A survey of the salaries and bonuses of London-based risk professionals suggests quantitatively-focused risk specialists earn the most.
Salaries for vice presidents and associates working in risk methodology and modelling range between 100,000 and 200,000 while 2004 bonuses averaged 100%, according to a new survey by recruitment firm the PSD Group.
This compares very favourably to salaries of 70,000 to 120,000 for VPs in market risk, credit risk and operational risk, where bonuses averaged 70%, 60% and 40% respectively, the survey found.
Figures were derived from conversations with 40 investment banking recruiters and 40 candidates between March and May 2005.
Gail Connolly, a senior consultant in the banking and finance team at the PSD Group, says salaries for quantitative risk staff rose 17% during 2005. "It's a question of supply and demand," she says. "Quant staff need as a minimum a Masters in a mathematical subject such as econometrics or statistics although a PhD is preferred. Consequently, there are fewer candidates available"

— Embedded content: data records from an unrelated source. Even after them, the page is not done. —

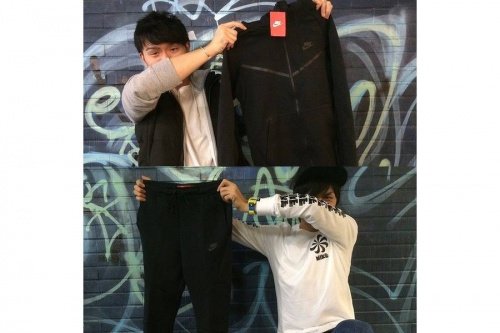 メンズのテックフリース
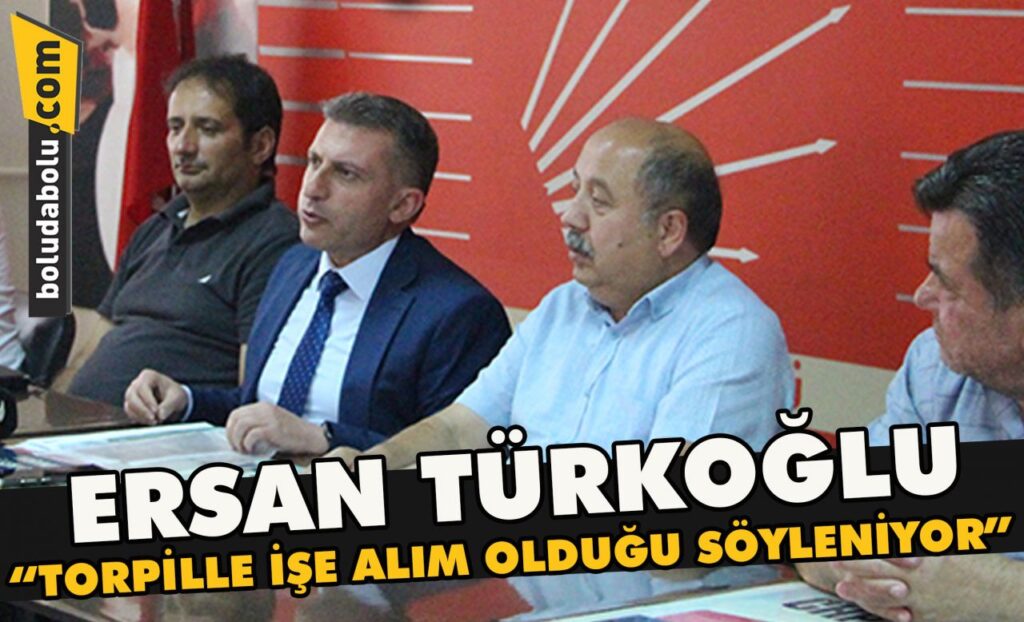 Ersan Türkoğlu” Torpille işe alım olduğu söyleniyor” Ersan Türkoğlu” Torpille işe alım olduğu söyleniyor”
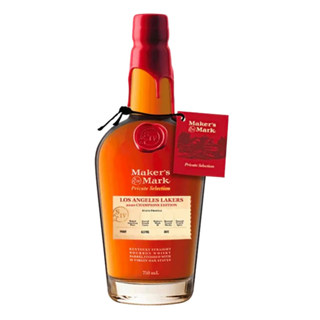 Maker's Mark Private Selection Los Angeles Lakers 2020 Champions Edition Kentucky Straight Bourbon Whisky 750ml - Liquor On Broadway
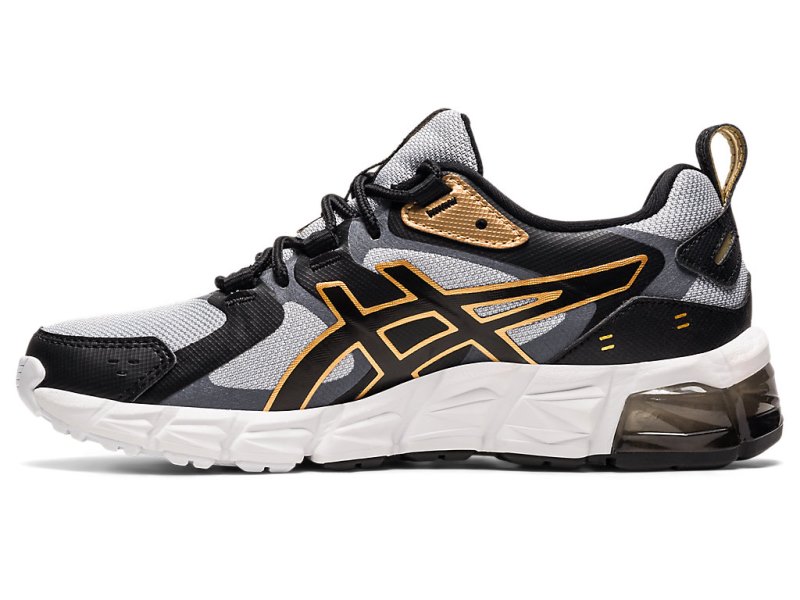 Asics Gel-quantum 180 6 Športne Superge Otroški Sive Črne | SI8140-714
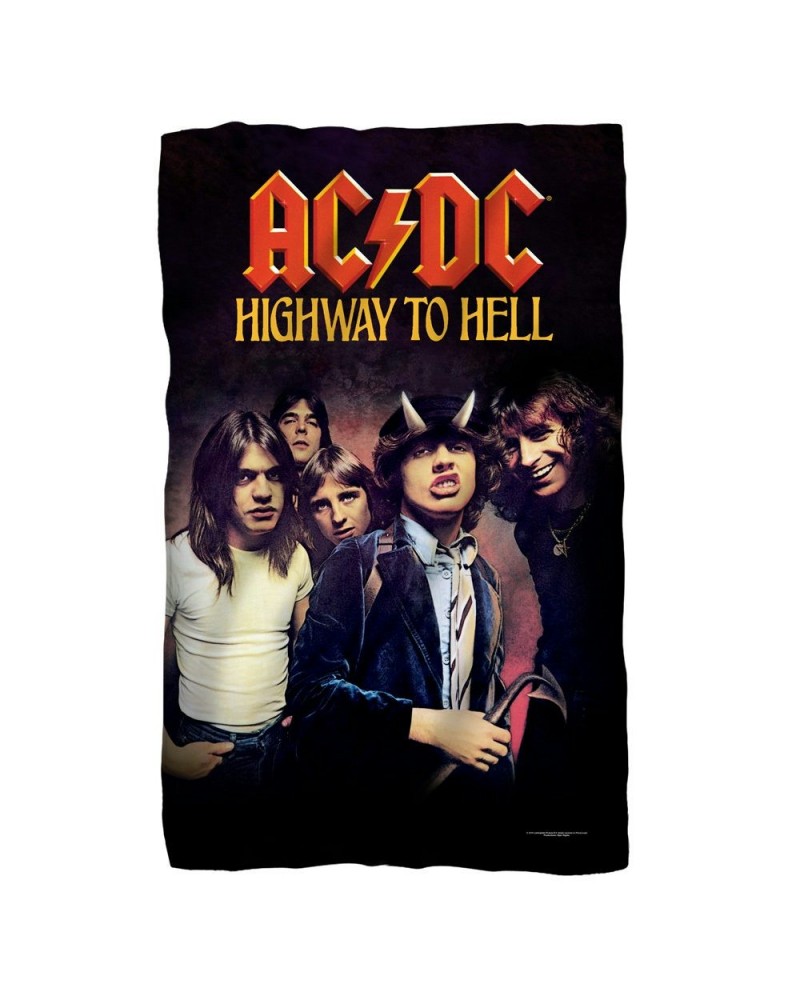 AC/DC Highway-Fleece Blanket - White [36 X 58] $16.40 Blankets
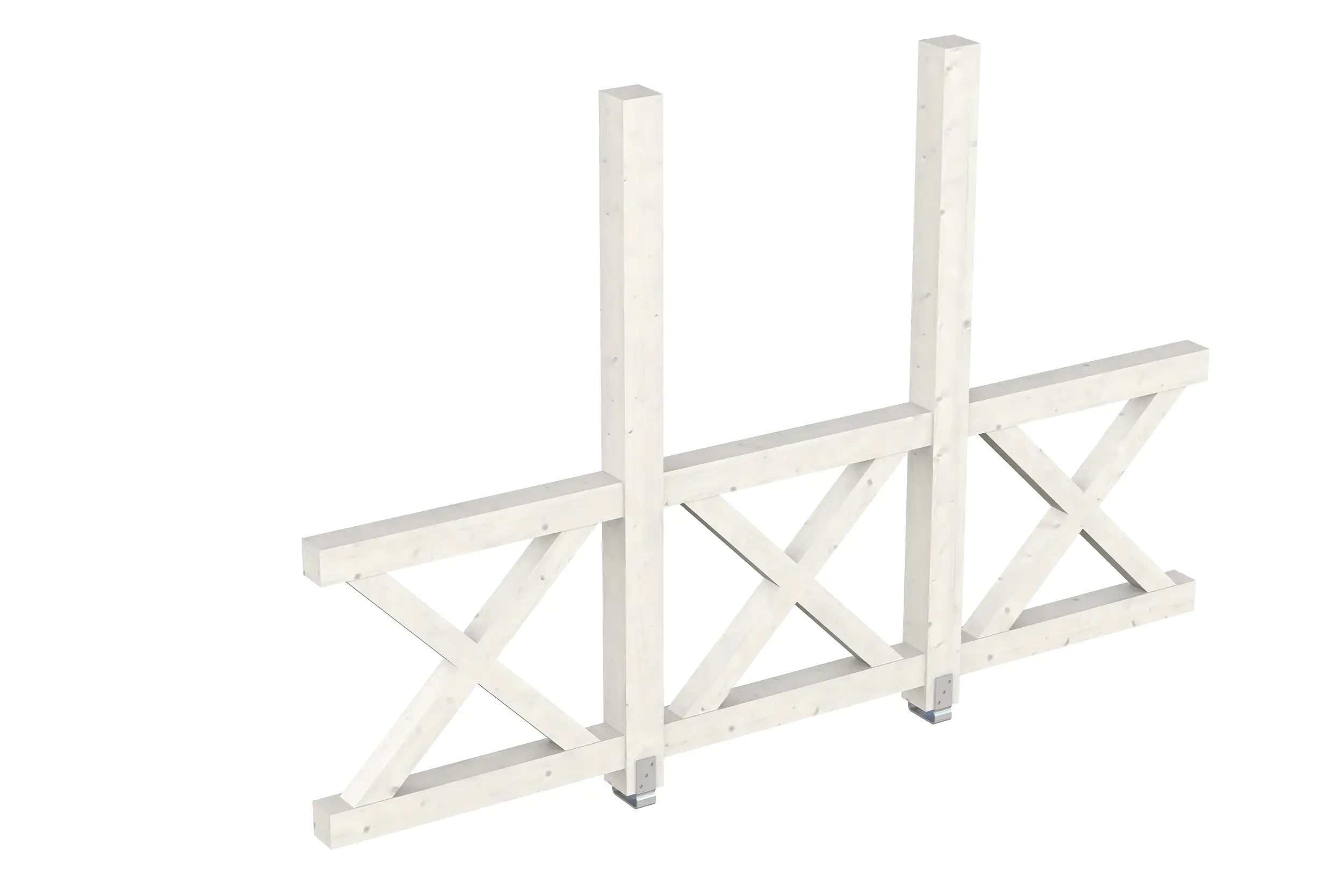 SKAN HOLZ Seitenwand Andreaskreuz (FS) 293 x 210 cm Fichte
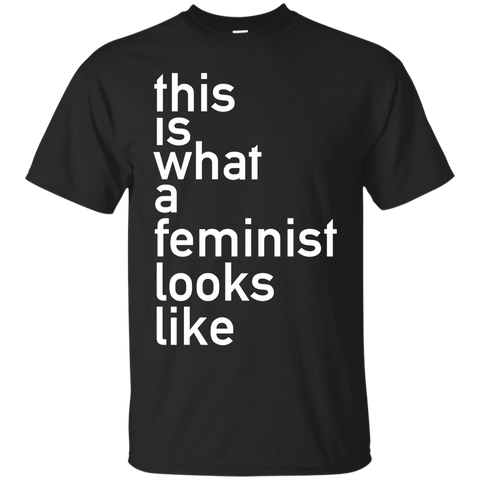 This is What a Feminist Looks Like Helvetica T-Shirt_Black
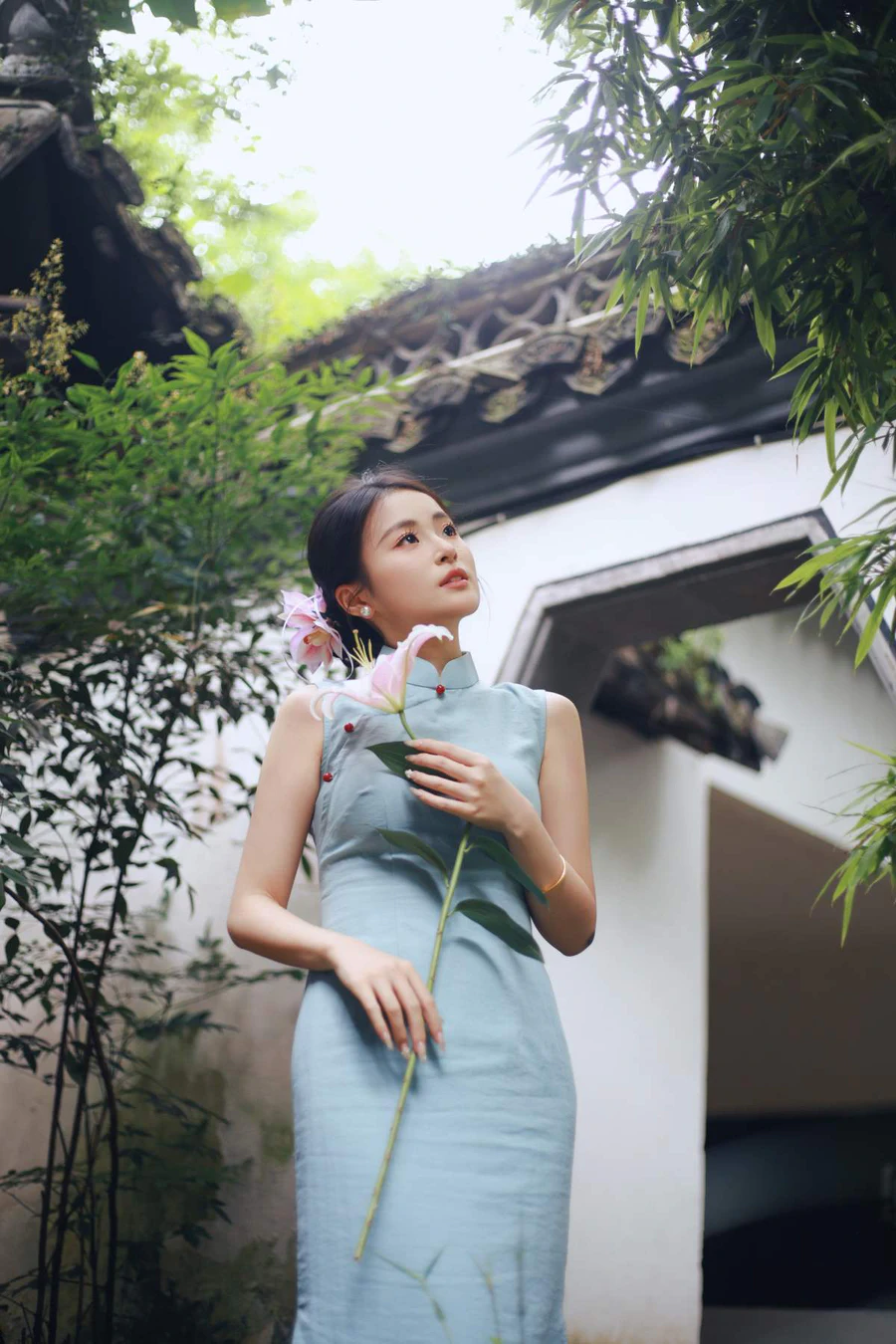 [YITUYU艺图语]2025.06.06 越王台旗袍新中式 小蓝 YITUYU艺图语-第2张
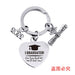 Wholesale Stainless Steel Heart Shape Graduation Season Gift Metal Keychain JDC-KC-GangGu018 Keychains 钢古 2022BYX005 Wholesale Jewelry JoyasDeChina Joyas De China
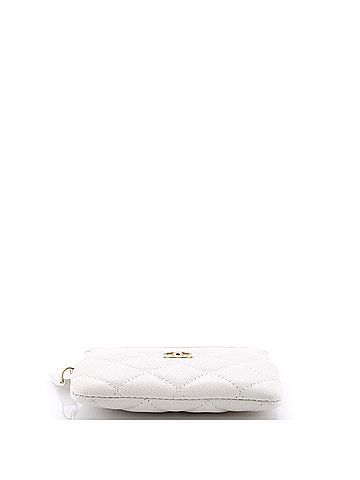 Chanel Square Zip Around Card Holder Wallet Quilted Caviar (view 2)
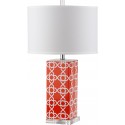 Safavieh Quatrefoil 27-inch H Table Lamp Set of 2 - Orange/Off-White (LIT4133D-SET2)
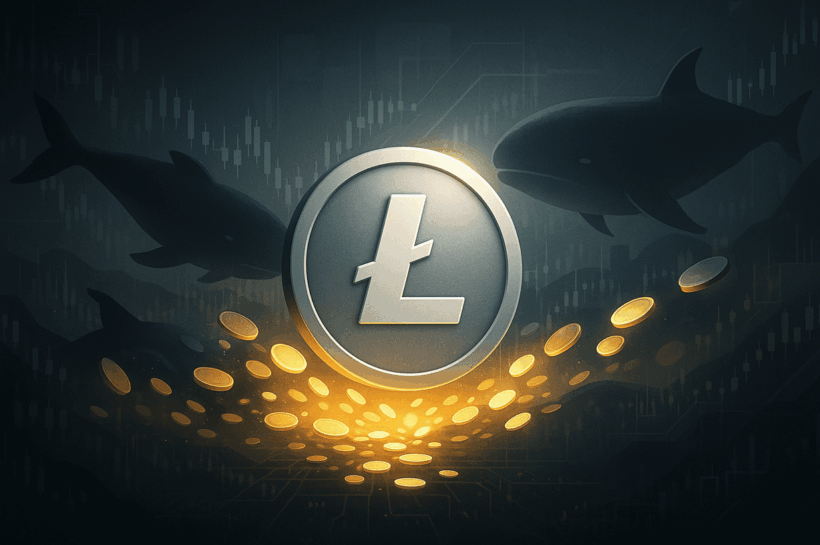 Litecoin скачки, когда киты выходят на 181 000 LTC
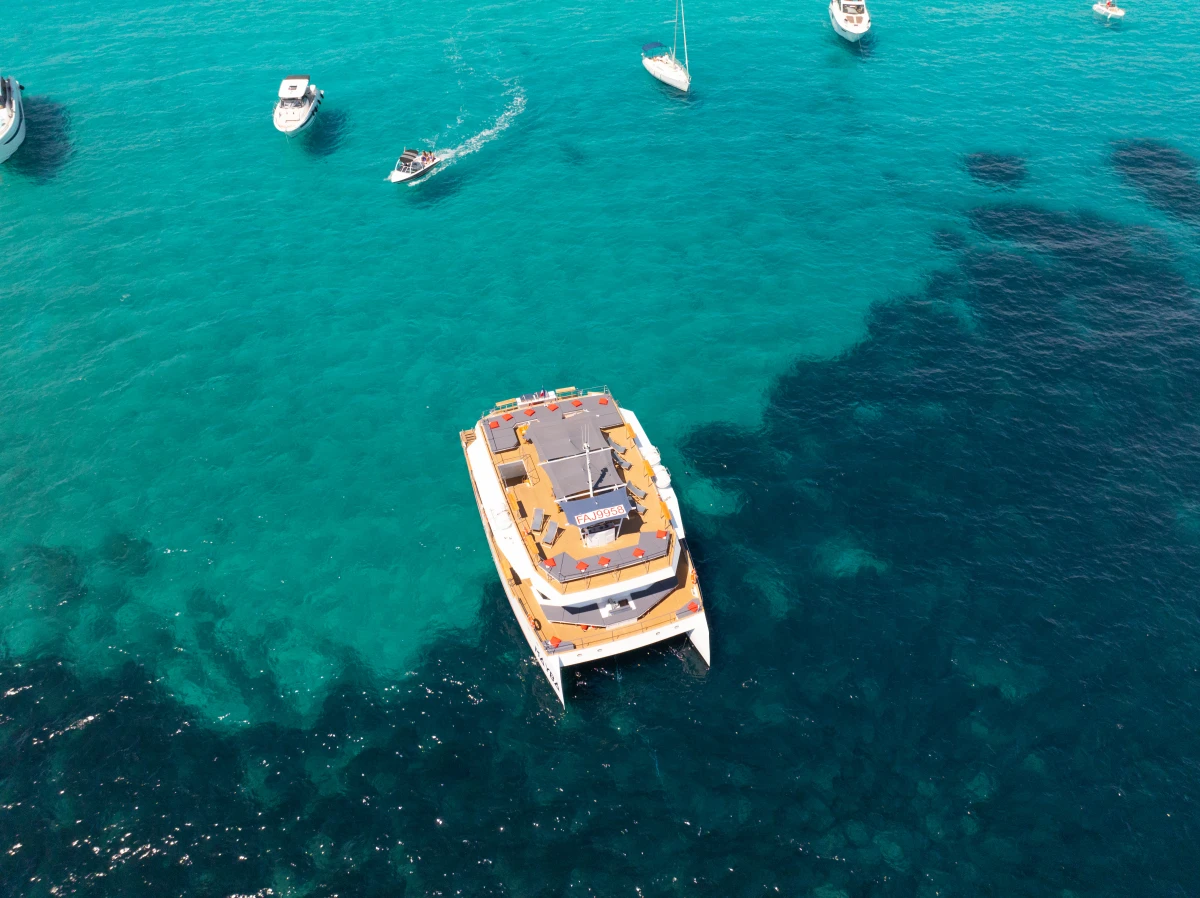 Sortie Catamaran journée - Départ Cagnes sur Mer vers les Iles de Lérins - Expérience Côte d'Azur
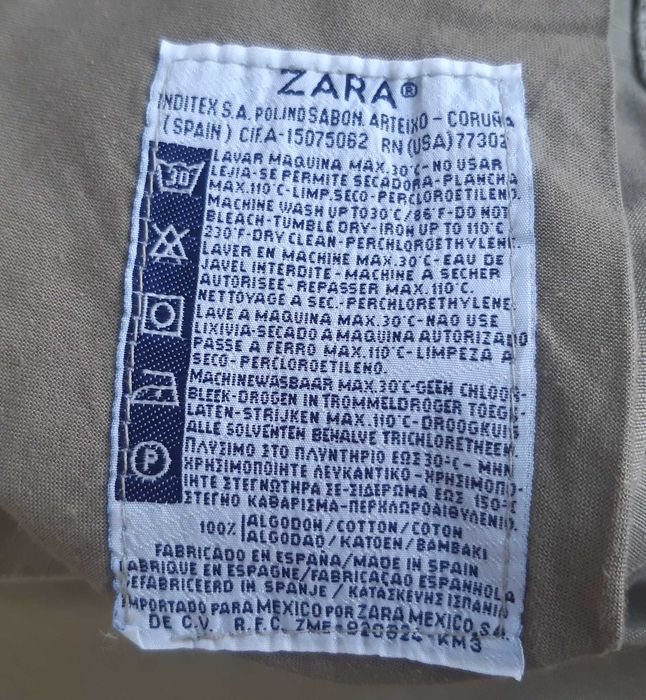 Calções Cargo Trekking Homem Zara Adventure Collection Estimados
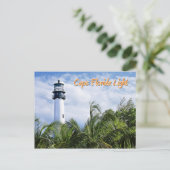 Carte Postale Phare de Cape Florida, Key Biscayne (Debout devant)
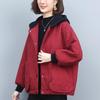 2024 Women's Hooded Thick Cotton Jacket - Casual, Plus Size, Autumn/Winter Outerwear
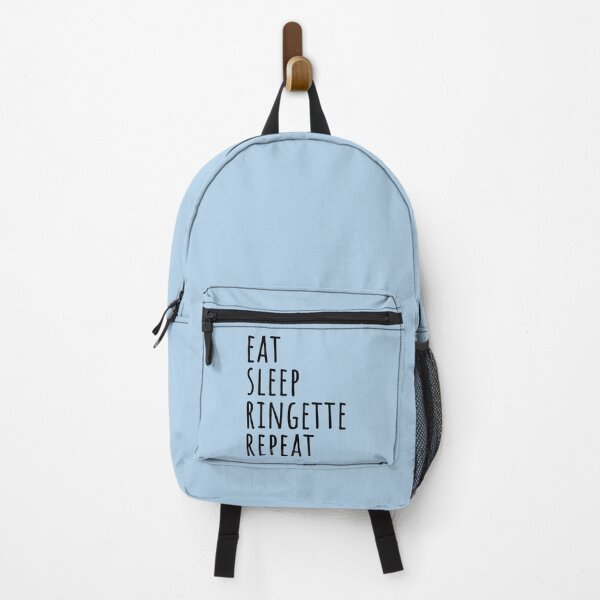 Item preview, Eat Sleep Ringette Repeat - elegant black text design designed and sold by EmeraldeaArt.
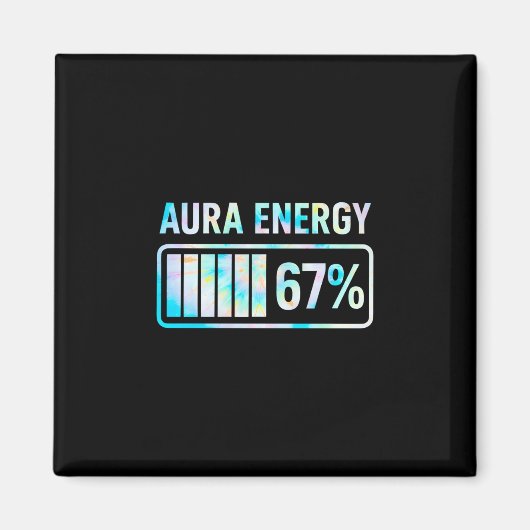 Aura Energie 67 67 Zes Zeven Meme Magneet (Voorkant)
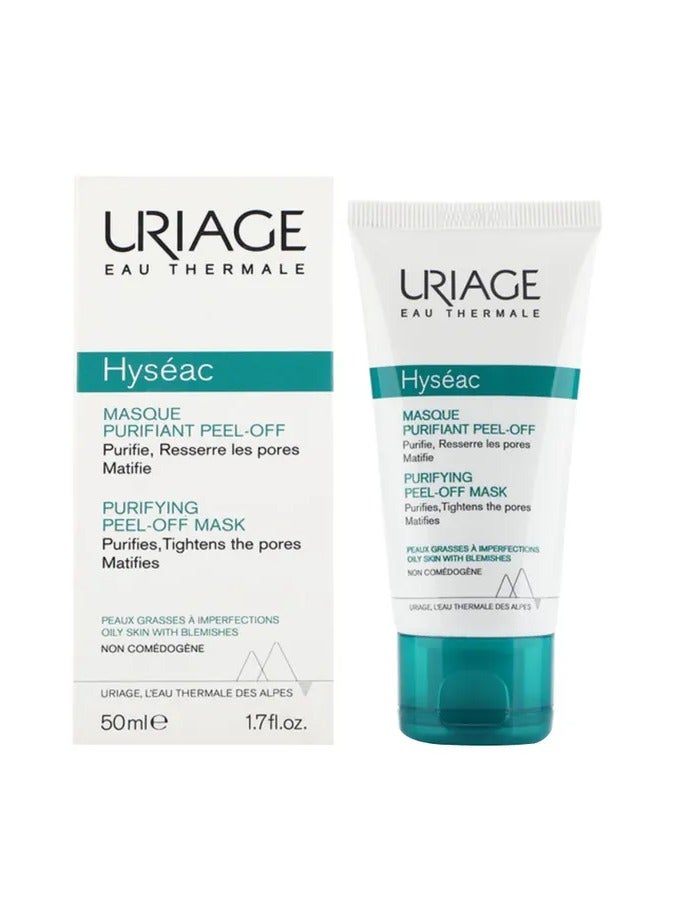 Uriage Hyseac Purifying Peel-Off Mask For Oily Skin With Blemishes 50ml - Image 3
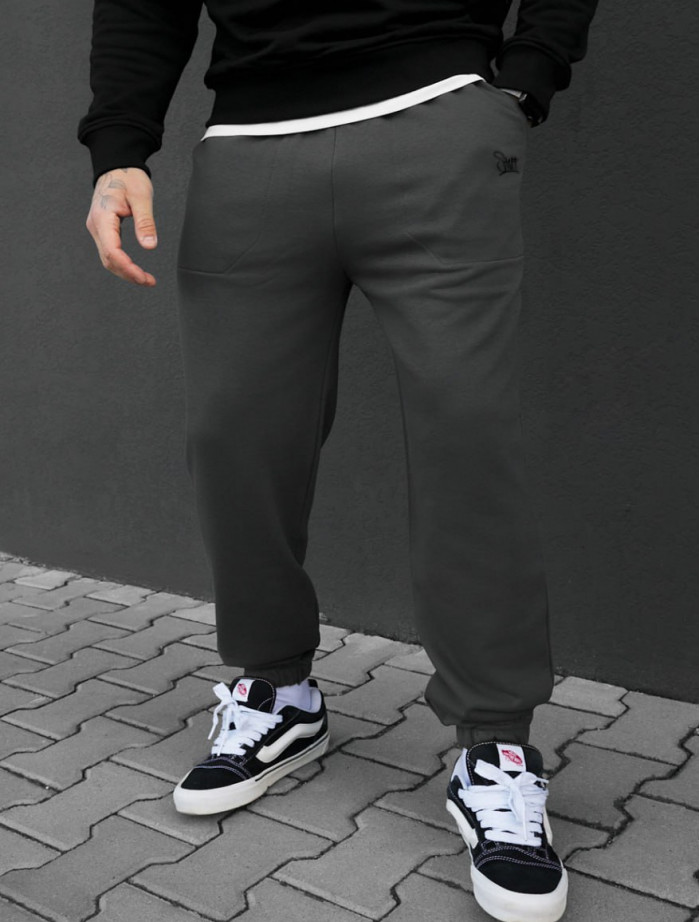 Spodnie dresowe Staff al logo dark gray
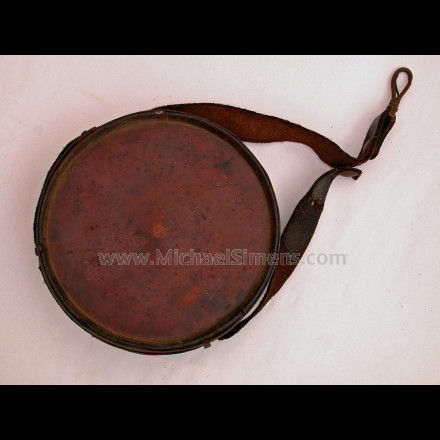 CONFEDERATE CEDARWOOD CANTEEN WITH CAVALRY-STYLE SHORT-STRAP.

Demand is greatest for quants to build credit models looking at the effects of Basle II, says Connolly: people with these skills can command an additional premium of 10%.
However, Adrian Marples, a risk management specialist at headhunter Sheffield Haworth, disputes the notion that quant-focused risk specialists are the highest earners. He says risk managers working alongside traders in front office market risk roles can earn more: "The highest paid risk managers are ex-traders who manage market risk very proactively: these are people who will restructure trades in anticipation of events."
The PSD survey also found bonuses for vice presidents and directors working in market risk rose 25% to 50% in 2005 compared to 2004. Connolly attributes this to poor bonuses for risk managers in 2004, better trading results and strong demand for mid-ranking staff.